Sectarian violence is increasing across Pakistan, with two Sufi shrines bombed last year in the province of Sindh.
The note found with the bodies claimed to be from the Tehrik-e-Taliban Fazlullah Group, a senior police officer said. “People visiting shrines will meet the same fate,” he quoted the group as saying in the note.
Two of the men had been beheaded, while the rest had their throats slit, the policeman said, in the first such instance of a mass killing at a shrine that he knew of.
The port city of Karachi is heavily infiltrated by the Taliban and has been the site of Taliban-style executions.
Combat is continuing in South Sudan despite the opening of peace talks meant to end factional fighting, the United Nations said Tuesday.
U.N. peacekeepers reported fighting south of the city of Bor in oil-producing Jonglei state, and U.N. spokesman Farhan Haq said explosions were heard to the southeast.
The peacekeepers patrolled a highway in Unity state and found most villages along the road from Mayom Junction to Pariyang burned or looted. Severe food, water and shelter shortages were also reported to the U.N. mission by local officials, Haq said.
Peacekeepers are on 24-hour patrols in Juba, the capital, but the situation remains tense there, he said.
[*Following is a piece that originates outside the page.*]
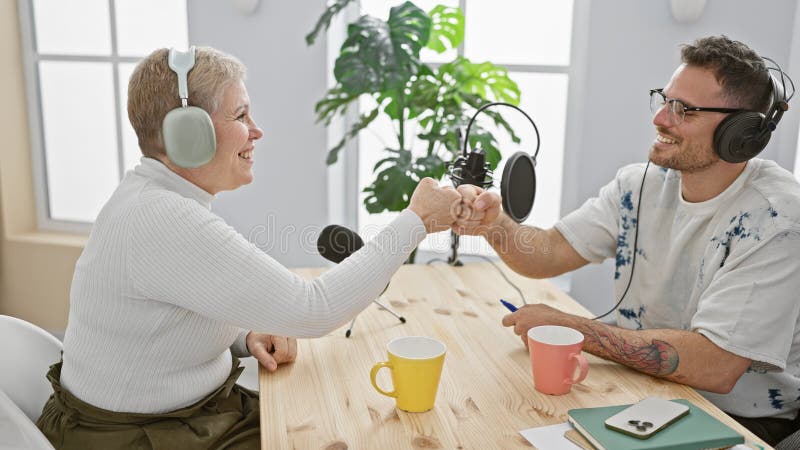 Kobietę i mężczyznę z uśmiechem w studio podcast wnętrze z mikrofonami i słuchawkami obraz royalty free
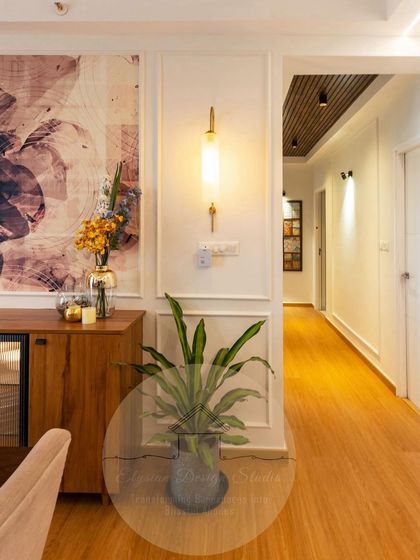 A beautiful dining area with a custom art wallpaper, a wooden sideboard with a built-in bar fridge, and elegant wall sconces. The design creates a perfect ambiance for hosting.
Talks in Ethiopia between representatives of South Sudan President Salva Kiir and former vice president Riek Machar were to resume Tuesday.
— Associated Press
Pope limits use of ‘monsignor’ title: Pope Francis, in his latest move to simplify the Catholic Church’s hierarchy, has severely restricted the number of priests who can receive the honorific title “monsignor” — literally “my lord” — Vatican Radio said. From now on, the honorific title can be given only to priests who are at least 65, as opposed to the current 35, and thus have already given a
life of service to the church. Critics say the current standards foster favoritism and encourage careerism.
Man to die in China for selling dirty cooking oil: A court in the eastern Chinese province of Shandong sentenced a man to death and two others to life imprisonment for producing and selling dirty cooking oil, state media reported. The black-market trade of recycled kitchen oil known as “gutter oil,” which can contain carcinogens, has been a chronic problem in China.
Spanish princess charged with tax fraud: Princess Cristina, the youngest daughter of King Juan Carlos of Spain, has been charged with committing tax fraud and money laundering, an investigating judge announced. The “Noos case” is a three-year-long alleged corruption scandal that also has embroiled the princess’s husband, former Olympic handball player Iñaki Urdangarin.
American held in Dubai to be released: An American who has been detained in the United Arab Emirates for nine months in connection with a satirical online video about would-be “gangsta” youth in Dubai was expected to be released soon, the State Department said. Shezanne Cassim, 29, of Woodbury, Minn., was arrested in April, six months after he and others uploaded their spoof documentary to the Internet.
Ex-Miss Venezuela slain in apparent robbery: Venezuelan officials said soap opera actress and former Miss Venezuela Mónica Spear and her husband were fatally shot resisting a robbery near Puerto Cabello, the country’s main port, after their car broke down. Their 5-year-old daughter was injured in the attack, police said. The family lived in the United States and was on vacation.